A multistep in vitro hemocompatibility testing protocol recapitulating the foreign body reaction to nanocarriers

Abstract

The development of drug nanocarriers based on polymeric, lipid and ceramic biomaterials has been paving the way to precision medicine, where the delivery of poorly soluble active compounds and personalized doses are made possible. However, the nano-size character of these carriers has been demonstrated to have the potential to elicit pathways of the host response different from those of the same biomaterials when engineered as larger size implants and of the drugs when administered without a carrier. Therefore, a specific regulatory framework needs to be made available that can offer robust scientific insights and provide safety data by reliable tests of these novel nano-devices. In this context, the present work presents a multistep protocol for the in vitro assessment of the hemocompatibility of nanocarriers of different physicochemical properties. Poly (ethyl butyl cyanoacrylate) nanoparticles and lipid-based (LipImage™ 815) nanoparticles of comparable hydrodynamic diameter were tested through a battery of assays using human peripheral blood samples and recapitulating the main pathways of the host response upon systemic administration; i.e., protein interactions, fibrinogen-platelet binding, cytotoxicity, and inflammatory response. The data showed the sensitivity and reproducibility of the methods adopted that were also demonstrated to determine individual variability as well as to discriminate between activation of pathways of inflammation and unintended release of inflammatory signaling caused by loss of cell integrity. Therefore, this multistep testing is proposed as a reliable protocol for nanoparticle development and emerging regulatory frameworks.

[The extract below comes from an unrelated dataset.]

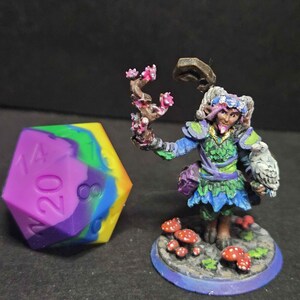 May include: A hand-painted miniature figure of a fantasy character with an owl, holding a flowering branch. Beside it is a large, multi-colored twenty-sided die. The figure is on a base with mushrooms.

Keywords: Cytotoxicity; Drug nanocarriers; Hemocompatibility; Host response; In vitro tests; Inflammatory response; Lipid nanoparticles; Nanobiomaterials; Polymeric nanoparticles; Protein corona; Thrombogenicity.

Fig. 1

Levels of protein concentrations in human donors’ peripheral blood incubated with increasing concentrations of PEBCA A and LipImage™ 815 B NP. Protein levels are expressed as mean $\mu$g/mL from n = 6 donors, each tested in duplicate. Data are shown as mean + standard deviation from n = 3 replicates for each donor. * indicates p < 0.05

Fig. 2

Levels of fibrinogen-platelet binding in human donors’ peripheral blood incubated with increasing concentrations of PEBCA A and LipImage™ 815 B NP. Data are expressed as mean ± standard deviation of the percentage of the positive control from n = 6 donors each tested in duplicate. Data are shown as mean + standard deviation from n = 2 replicates for each donor. * indicates p < 0.05

Fig. 3

Levels of cytotoxicity in human blood induced by increasing concentrations of PEBCA A and LipImage™ 815 B NP. Release LDH activity is expressed as mean ± standard deviation of the percentage of the positive control from n = 6 donors each tested in duplicate. Data are shown as mean + standard deviation from n = 2 replicates for each donor. * indicates p < 0.05

Fig. 4

Cytotoxicity of deposited human blood cells induced by increasing concentrations of PEBCA (panel A) and LipImage™ 815 (panel B) NP. Cells were stained by HE method, and photos were taken by light microscopy at × 20 magnification. Images were taken at × 10 magnification

Fig. 5

Expression of blood inflammatory cells’ membrane markers upon spiking with increasing concentrations of PEBCA A, C and LipImage™ 815 B, D NP. Flow cytometry data for CD14 A and B and CD11b C and D expression are expressed as mean ± standard deviation of the percentage of the positive control from n = 6 donors each tested in duplicate. Data are shown as mean + standard deviation from n = 2 replicates for each donor. * indicates p < 0.05

Fig. 6

Levels of MPO activity released by granulocytes in human blood spiked by increasing concentrations of PEBCA A and LipImage™ 815 B NP. Flow cytometry data are expressed as mean ± standard deviation of the percentage of the positive control from n = 6 donors each tested in duplicate. Data are shown as mean + standard deviation from n = 2 replicates for each donor. * indicates p < 0.05

Fig. 7

Semi-quantitative assessment of the levels of cytokine released inflammatory cells (granulocytes and mononuclear cells) in human blood spiked by increasing concentrations of PEBCA (Panel A) and LipImage^TM 815 (Panel B). Flow cytometry plot of control sample from Donor n. 1 reports the Th1/Th2 signalling markers analysed in the assay; $\mathrm{IFN}\gamma$, TNF, IL-10, IL-5, IL-4. Flow cytometry plots are representative of donors showing comparable or different release NP response profiles to those of those of the relative control.